Like the crew on the starship Enterprise, humanists are exploring a new frontier of the scholarly universe: space.
The parallel with journalists – writers of the first draft of history and all that, after all – is perhaps more than obvious. But it still bears mentioning: Moving beyond stories into other forms of storytelling, including visual storytelling, can really bring to bear new ideas, analysis and understanding to important issues. Consider this example from the NYT story:
Geoff Cunfer, a historian at the University of Saskatchewan, revisited causes of the 1930s Dust Bowl by analyzing data from all 208 counties in Texas, New Mexico, Colorado, Oklahoma and Kansas that were affected, an impossible undertaking without this system. He found that the traditional explanation of farmers’ extensively plowing the land without care for environmental limits was only true in some places.
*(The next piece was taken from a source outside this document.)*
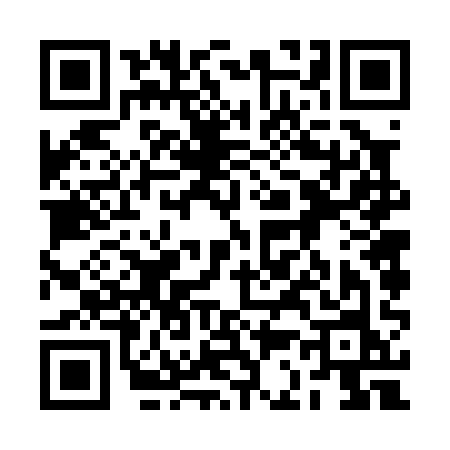 QR code for 2C601NF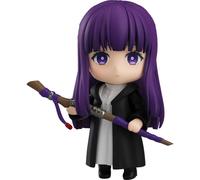 Good Smile Company Frieren: Beyond Journey’s End - Fern Nendoroid Action Figure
Barely plowed Southern counties also suffered from the plague of dust.
The human brain, after all, is very well-suited to discerning visual patterns – sometimes it’s a handicap, when we fool ourselves into seeing things that aren’t there, but often it helps us deal with a flood of information that can’t otherwise be easily sorted.
Probably the best-known example of the value of mapping is John Snow’s famous map tracking cholera outbreaks in London, showing that an outbreak in the mid-1800s could be traced to a contaminated pump. Without the map, you’re faced with a long list of addresses where outbreaks occurred; with the map, you can immediately see where there’s a real concentration of cases and hence where to investigate.
That’s not to say that mapping works for everything – and there are still too many examples (as any graphic journalist will be happy to tell you) where information is plotted on maps for no apparent reason other than to keep editors happy. But the relative ease of mapping these days – Google Maps and other programs will let to at least get a quick sense of where your data is clustering – means you can explore ideas much more quickly than before.
And just as important, it can help your readers understand what you’re trying to say in a much more intuitive way.